Sheldon Kopp once wrote a book on Zen called, If You See the Buddha on the Road, Kill Him. Kopp was warning against false prophets.
But another Buddhist tradition warns that we frequently catch glimpses of the Buddha on the road, and we don't know it. Indeed, one of the tenets of most spiritual traditions is that enlightenment or grace or whatever you call it lies hidden in everyone and can show up without bidding. Our job is to be awake when the Buddha nature shows up.
Which leads me to a story about Marilyn, a girl I knew in high school. Marilyn and I were in the band together, she one year ahead of me. She was pretty and she seemed a more mature and knowing person than most girls in school.
I figured she was for me.
She played the clarinet. I played the french horn. Neither of us were very good.
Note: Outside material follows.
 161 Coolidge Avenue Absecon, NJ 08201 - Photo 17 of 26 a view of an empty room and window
Marilyn must have known that I was dreaming of her because she asked me to go to a dance, one held at La Villita in downtown San Antonio, a part of the old town that dated back to the days of rule by Spain and Mexico.
I was a junior then and I had never had a date. I also didn't have a car or even a license. So, to go to the dance we had to be driven by my father. Since it was potluck, Marilyn brought a dish, a large bowl of warm rice pudding.
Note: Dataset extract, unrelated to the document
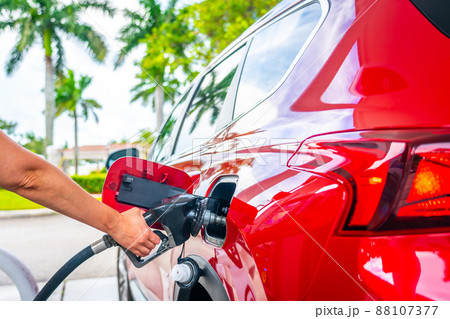 Female Hand with fuel pistol and red car 88107377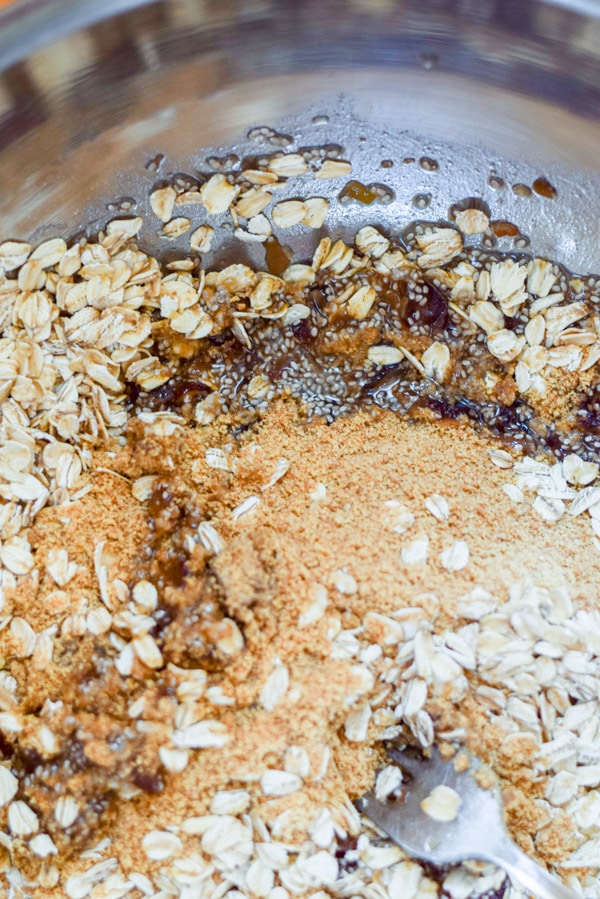 All the ingredients, including oats, chia seeds and flax meal in a metal bowl ready to be mixed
I was wearing a new suit from JC Penney's, a stiff searsucker summer job that my father had bought me a week before for the special occasion. You can imagine that I was both mortified and thrilled to be riding in the front seat sitting next to the beautiful Marilyn, with Dad driving, and her chatting easily with him. I felt like they were on the date and I was tagging along and that maybe I should be in the back seat.
I could feel the heat of her arm next to me. It felt warmer than the bowl of rice pudding in my lap. As we pulled up in front of La Villita, my father was telling me to give him a call when we wanted to go home and I was starting to get out of the car with one foot on the ground and the rest of me back in the car feeling Marilyn's body next to me, when suddenly the very large bowl of warm rice pudding slipped and spilled its gelatinous goo into my lap, the very center of my anxious being at that particular moment.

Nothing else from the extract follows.